01:07:50 <janus> and it is very similar to what i did in Idris
01:08:07 <janus> but when i did it, i didn't know that Lennart was planning to even add Concurrent Haskell
01:08:46 <janus> so now the situation is changed and i probably shouldn't go down this route of user level scheduling
01:09:39 <janus> I _do_ still think it's weird that Haskell is a 'pure' language and still we don't have prevalent effect systems that make it possible to write a HTTP server that can be treated as a continuation
01:17:12 <monochrom> But we did. Haskell 1.2 and before had a CPS I/O system rather than a monad.

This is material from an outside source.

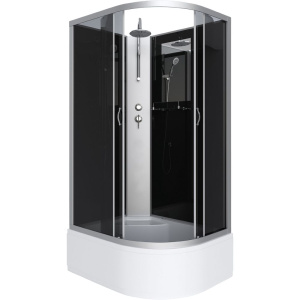 Душевая кабина Niagara Classic NG-2510-14LBKT, 120х80 см, без крыши, с тропическим душем Душевая кабина Niagara Classic NG-2510-14LBKT, 120х80 см, без крыши, с тропическим душем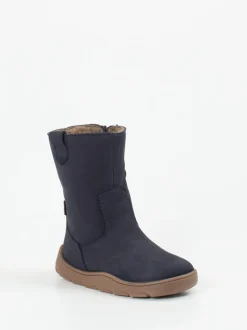Froddo – Winterstiefel aus Nubukleder blau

01:17:56 <janus> but Haskell didn't even have monads yet, right?
01:18:04 <monochrom> Right. :)
01:18:40 <Axman6> It's so nice to hop on IRC and see conversations happening in my timezone. It's always so quiet when .au is awake :'(
01:18:42 <janus> so how many years did it take for mtl/transformers to appear as the predominant effects system? i suppose it was already too late, because I don't know of MonadNetwork
01:19:02 <geekosaur> btw, you would need to replace network. you could provide the same Haskell API but it would use libuv instead of OS network APIs directly
01:19:32 <monochrom> type MonadNetwork = IO
01:19:54 <janus> but you can't interpret IO... it's not abstracted, it's concrete
01:20:05 <janus> isn't that why io-sim exists?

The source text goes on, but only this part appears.